__EXERCISE INPUTS__:
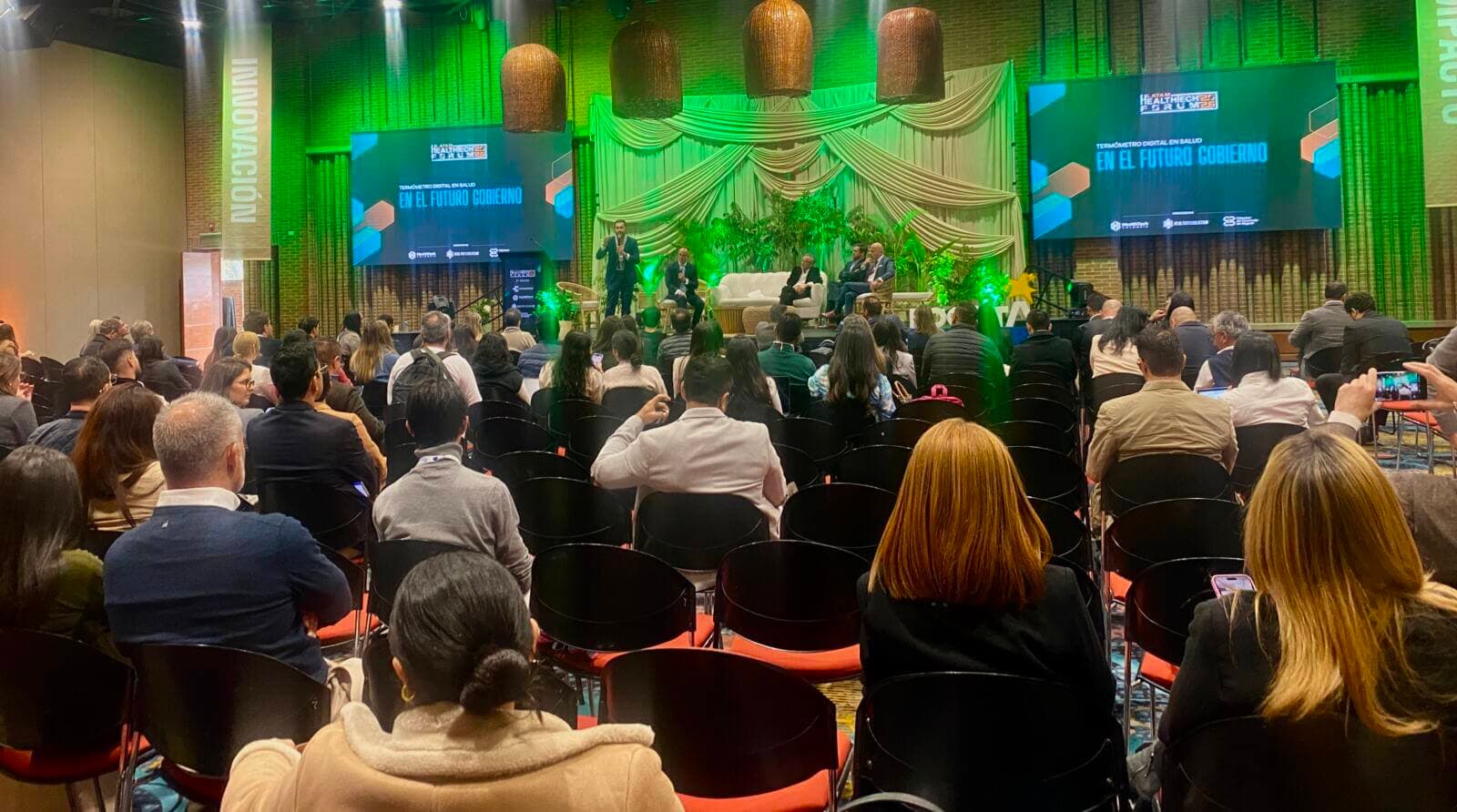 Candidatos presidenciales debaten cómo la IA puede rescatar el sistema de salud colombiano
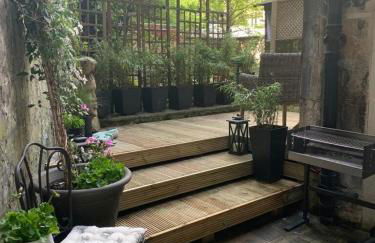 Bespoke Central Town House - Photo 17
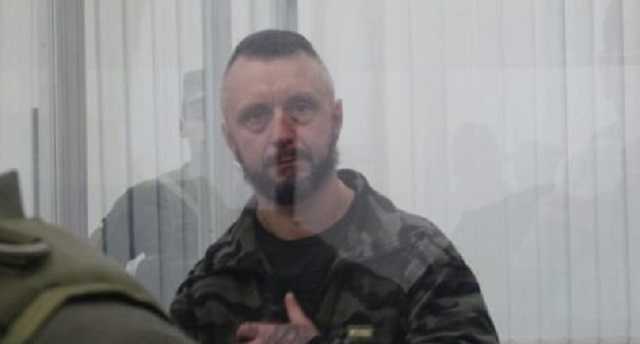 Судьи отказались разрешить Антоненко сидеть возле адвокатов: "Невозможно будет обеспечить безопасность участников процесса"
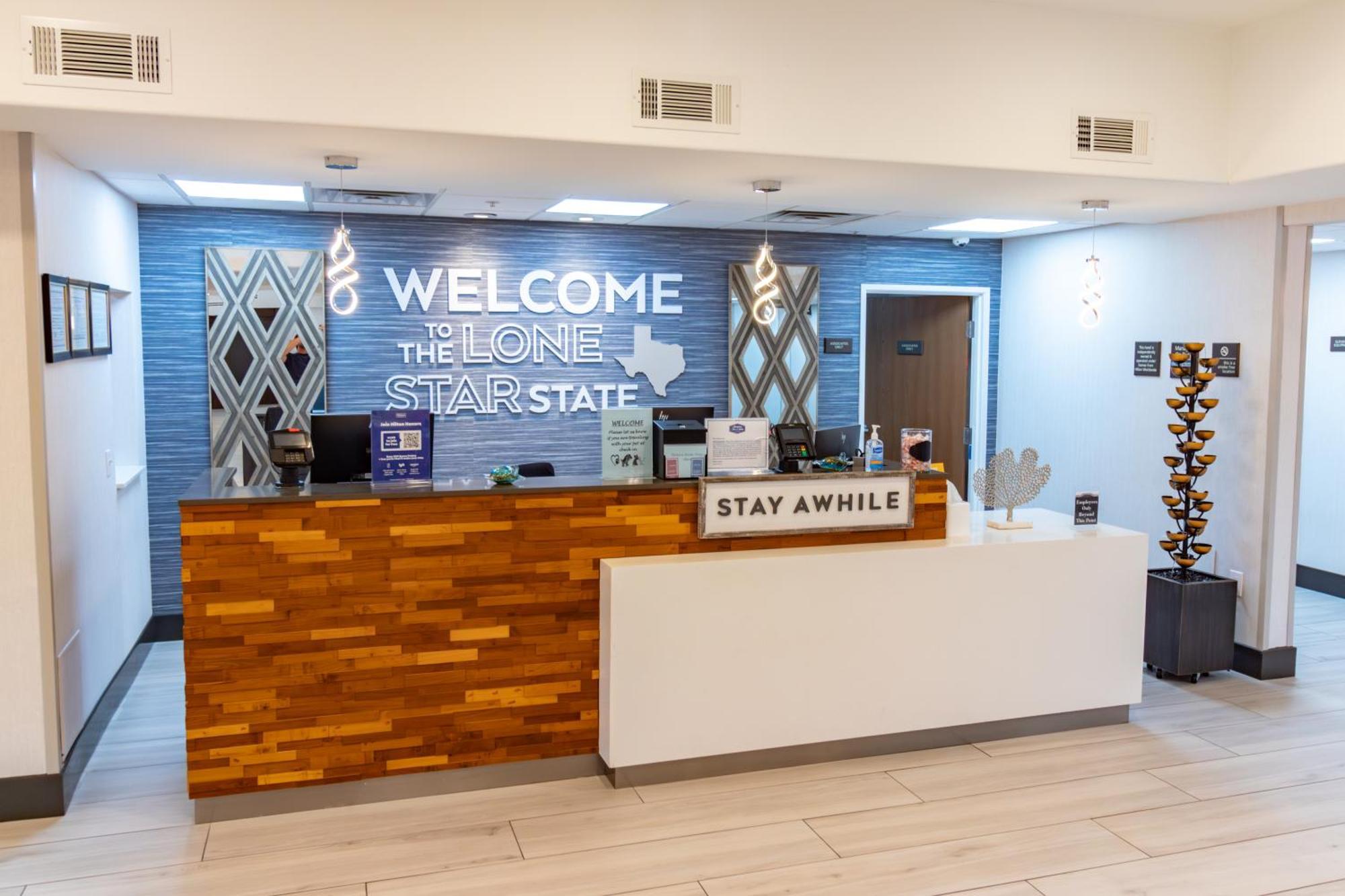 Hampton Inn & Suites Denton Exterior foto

* * *

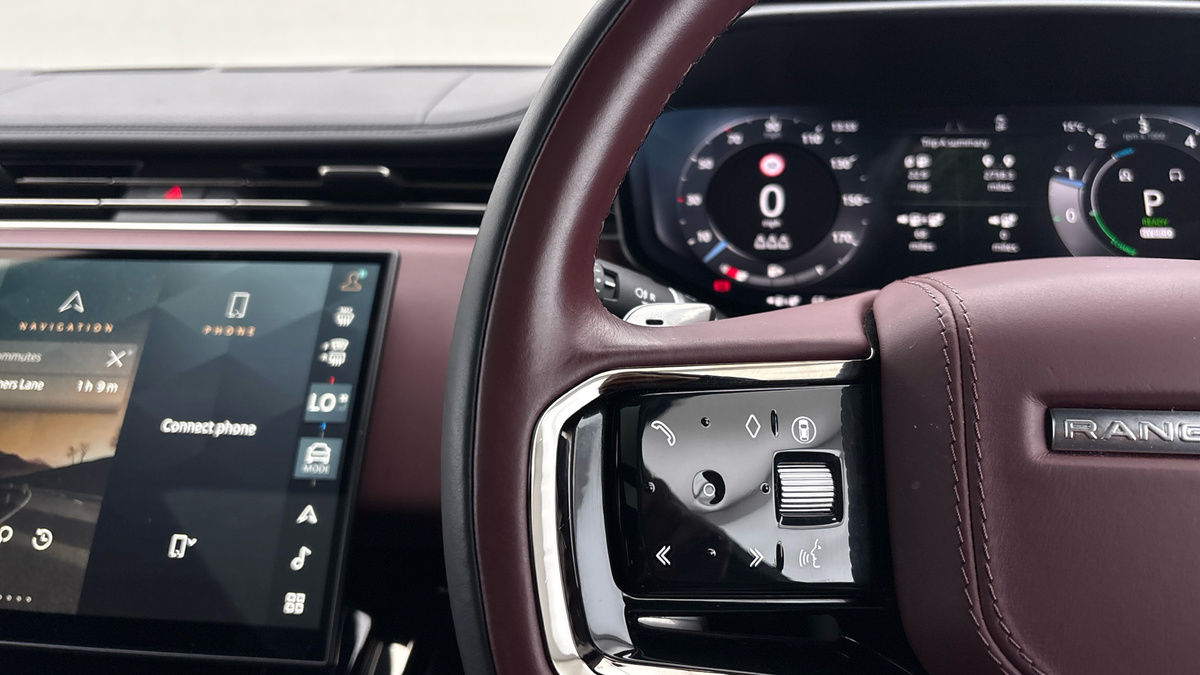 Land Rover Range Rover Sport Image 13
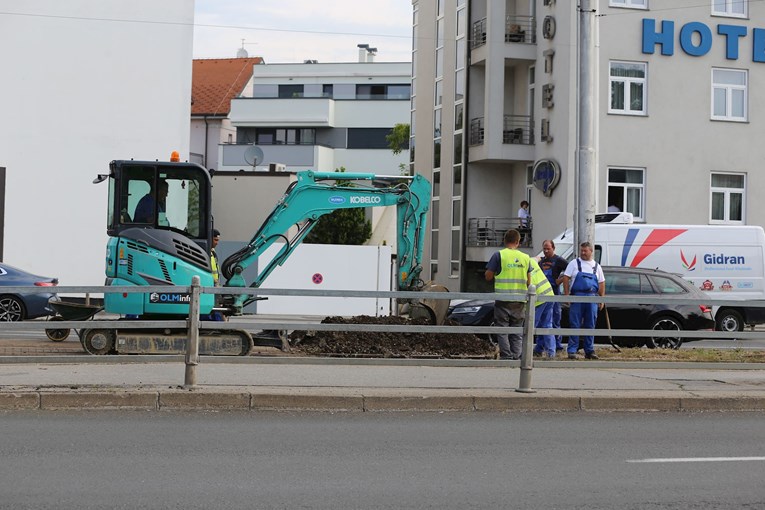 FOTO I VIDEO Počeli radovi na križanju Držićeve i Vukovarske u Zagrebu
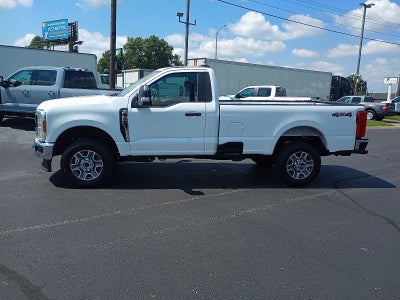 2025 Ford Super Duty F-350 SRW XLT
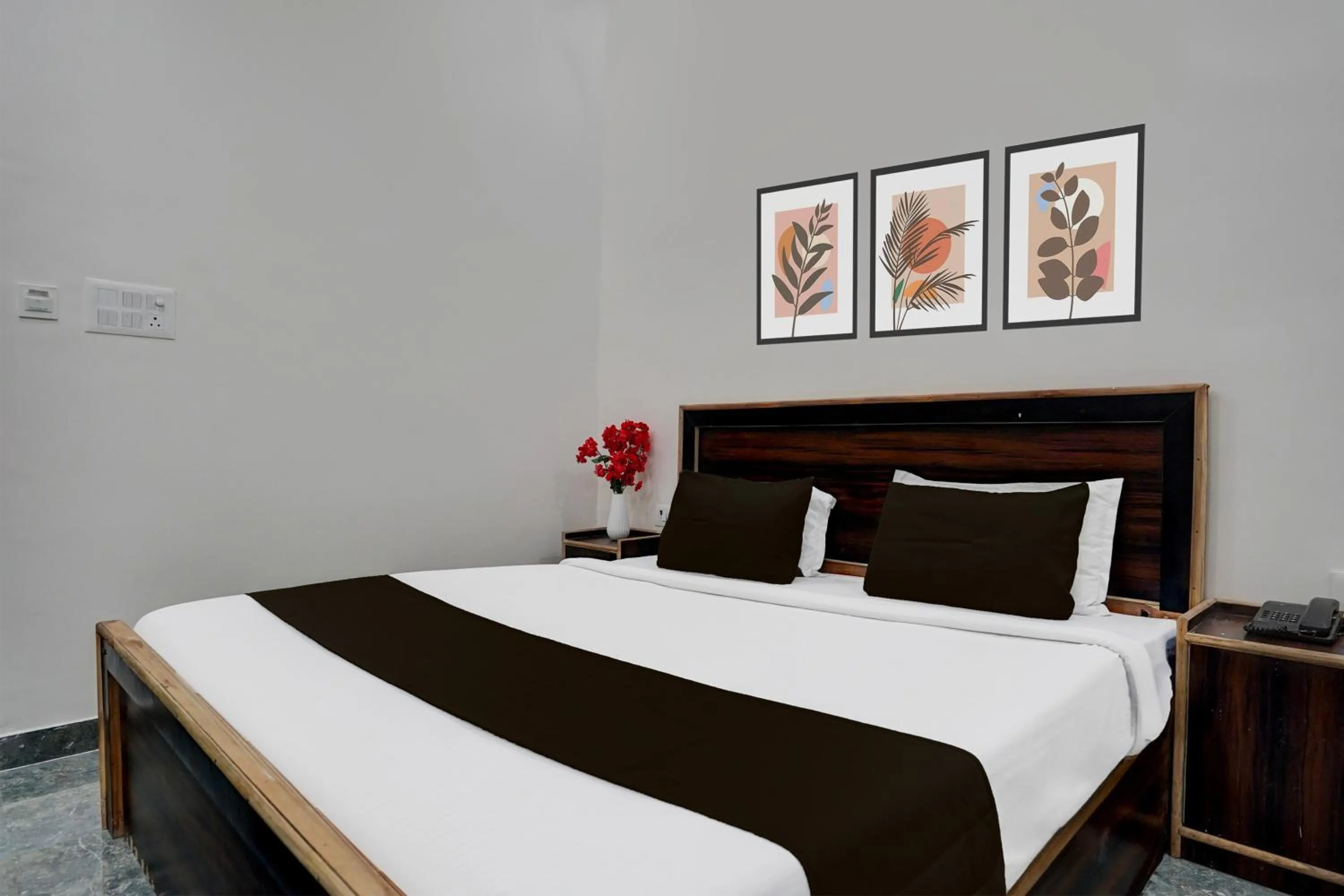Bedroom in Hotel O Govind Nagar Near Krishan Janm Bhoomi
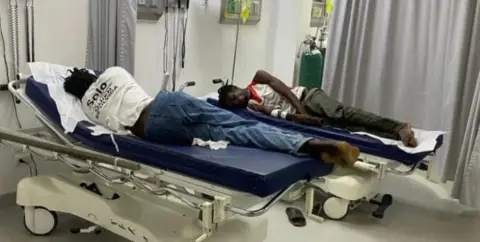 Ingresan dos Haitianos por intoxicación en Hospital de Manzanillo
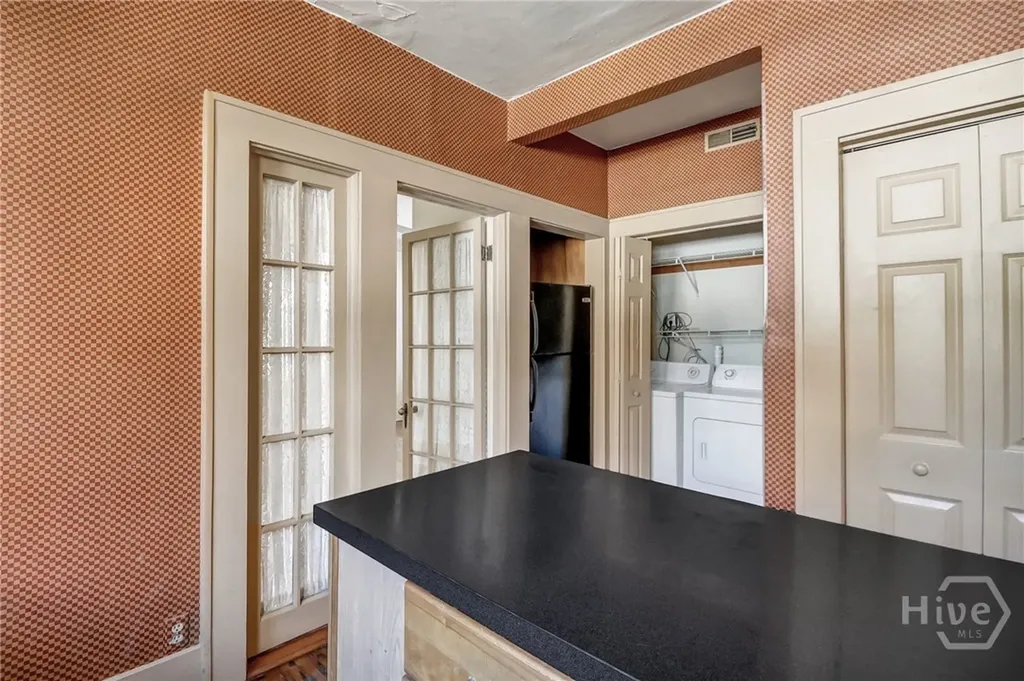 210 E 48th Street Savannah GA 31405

...

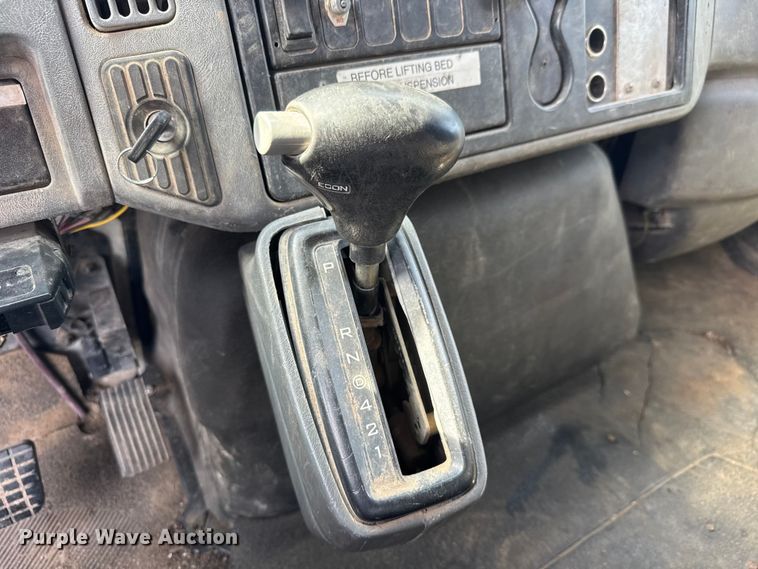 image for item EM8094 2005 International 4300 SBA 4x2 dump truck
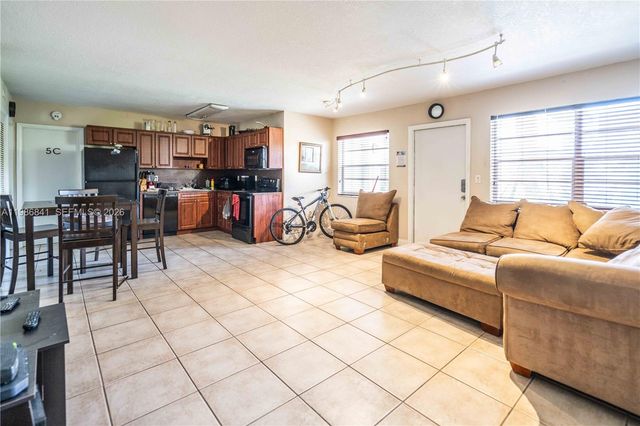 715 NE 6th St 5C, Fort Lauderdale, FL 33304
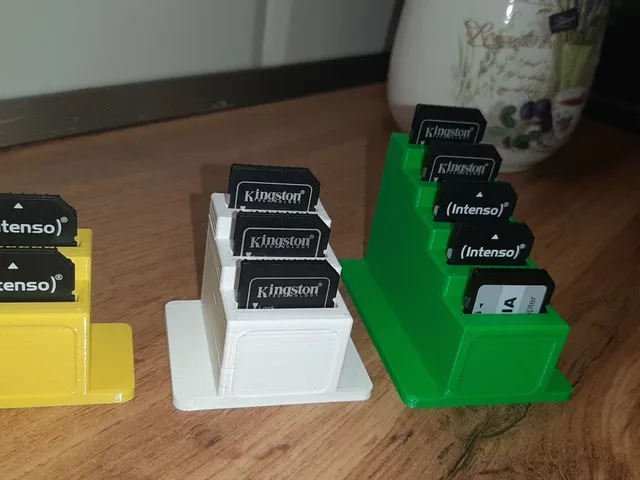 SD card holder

__PROBLEM STATEMENT__:
Reproduce exactly, with no pictures, the lines above from the one holding "Candidatos presidenciales debaten" to the one holding "Судьи отказались разрешить", inclusive.

__OUTPUT__:
 Candidatos presidenciales debaten cómo la IA puede rescatar el sistema de salud colombiano
 Bespoke Central Town House - Photo 17
 Судьи отказались разрешить Антоненко сидеть возле адвокатов: "Невозможно будет обеспечить безопасность участников процесса"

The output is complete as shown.